Здесь, так же, как у ледяного пояса, Паррот поставил крест, в ознаменование того, что отныне священная гора должна составлять исключительную собственность христианского мира. Но это торжество не прошло ему даром. Он первый осмелился ступить на девственные снега Арарата, первый разрушил ореол его недосягаемости – и если не был побит каменьями или отлучен от церкви, как это случилось бы три или четыре века назад, то должен был выдержать одну из тех нравственных пыток, которые обыкновенно выпадают на долю всех изобретателей и пионеров в области науки. На страницах единственной, издававшейся в то время на Кавказе газеты “Тифлисские Ведомости” появилась статья, в которой некто Шопен утверждает, что на вершине Арарата со времени всемирного потопа никто никогда не бывал. На это издатель “Тифлисских Ведомостей” заметил, что не далее, как в 1829 году на Арарат всходил профессор Дерптского университета Паррот и даже на вершине его оставил вещественное доказательство своего восхождения. Шопен возразил, что никто на свете, и тем более армяне, не дадут веры показаниям Паррота уже потому, что самые свойства горы не позволяют подняться на ее вершину. “Паррот, – говорит Шопен, – действительно поставил крест на полугоре, но до этого места и даже несколько выше при благоприятной погоде доходят иногда охотники. Для того же, чтобы отсюда подняться до самой вершины горы, нужно по меньшей мере употребить целые сутки”.

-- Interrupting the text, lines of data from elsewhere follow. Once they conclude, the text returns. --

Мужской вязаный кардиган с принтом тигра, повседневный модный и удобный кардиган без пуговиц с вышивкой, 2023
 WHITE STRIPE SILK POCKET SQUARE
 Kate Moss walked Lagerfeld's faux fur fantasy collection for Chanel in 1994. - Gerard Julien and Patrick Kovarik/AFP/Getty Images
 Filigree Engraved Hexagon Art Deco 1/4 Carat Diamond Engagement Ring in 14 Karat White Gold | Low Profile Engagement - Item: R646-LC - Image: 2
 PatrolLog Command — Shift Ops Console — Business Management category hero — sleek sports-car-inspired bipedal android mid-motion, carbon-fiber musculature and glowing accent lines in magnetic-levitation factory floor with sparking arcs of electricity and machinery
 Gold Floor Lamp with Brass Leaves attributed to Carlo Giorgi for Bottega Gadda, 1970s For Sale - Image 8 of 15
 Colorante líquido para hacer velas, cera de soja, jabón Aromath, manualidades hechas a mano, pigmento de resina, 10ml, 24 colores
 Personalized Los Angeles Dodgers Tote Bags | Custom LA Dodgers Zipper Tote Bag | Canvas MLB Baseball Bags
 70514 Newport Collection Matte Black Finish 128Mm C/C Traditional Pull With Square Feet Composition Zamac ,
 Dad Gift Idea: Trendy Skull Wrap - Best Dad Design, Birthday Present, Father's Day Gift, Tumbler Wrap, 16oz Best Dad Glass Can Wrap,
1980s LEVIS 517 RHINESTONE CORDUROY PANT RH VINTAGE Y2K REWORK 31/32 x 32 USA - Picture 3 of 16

Полемика, предметом которой служил один из выдающихся деятелей науки, не могла не обратить на себя внимание правительства. В Петербурге о ней заговорили. Тогдашний министр народного просвещения князь Ливен потребовал, чтобы было произведено формальное следствие и допрошены под присягой все лица, сопровождавшие Паррота в его экскурсии. “Честь, – писал он генералу Понкратьеву, – дорога для каждого человека, а кольми паче для известного ученого, пользовавшегося всегда добрым именем и видящего, что ныне стараются помрачить его имя в таком деле, которое важно для всей Европы и для России в особенности”. Понкратьев приступил к дознанию с той осмотрительностью и с тем беспристрастием, которых требовали обстоятельства такого щекотливого дела. В показаниях допрошенных армян нельзя было не заметить некоторой уклончивости, легко объясняемой, впрочем, давлением на них общественного мнения, стремившегося подорвать авторитет Паррота и охладить любознательный пыл его последователей, если бы таковые оказались. “Армянская церковь, – говорит Паррот, – распространяя в народе легенду о ковчеге, до того заставило его уверовать в недостижимость вершины Арарата, что справедливость нашего восхождения отрицали даже те, которые там были”. Зато показания двух темных русских солдат, ни чем не заинтересованных в деле, кроме раскрытия истины, отличались такой правотой и чистосердечием, что им нельзя было не дать безусловной веры. Оба они, Чалпанов и Здоровенко, показали, что крест, о котором говорит Шопен, действительно поставлен на полугоре, но что, кроме того, есть еще другой крест, водруженный ими на самой вершине, куда они поднялись вместе с Парротом при третьем восхождении двадцать девятого сентября. Начальство дало за это каждому из них по десять рублей, а Паррот от себя подарил по червонцу.

Так завершилось скромное торжество науки, и памятником пребывания Паррота на Арарате остался крест, к которому прибита свинцовая доска со следующей надписью: “В Царствование Николая Павловича, Самодержца Всероссийского, сие священное место вооружённой рукой приобретено христианскому исповеданию графом Иваном Федоровичем Паскевичем-Эриванским, в лето от Рождества Христова 1829”. С тех пор прошло больше шестидесяти лет, и Европа никогда не могла примириться с совершившимся фактом. Замечателен отзыв одного из ее политиков, сделанный назад тому лет двадцать или двадцать пять. “Величайшая опасность для независимости будущего человечества и для его цивилизации со стороны России, – сказал он, – заключается не в том, что она в Европе расположена только в двадцати часах парового пути от Берлина и Вены, но в том, что в своем поступательном движении в Западной Азии – она стоит уже на Арарате”.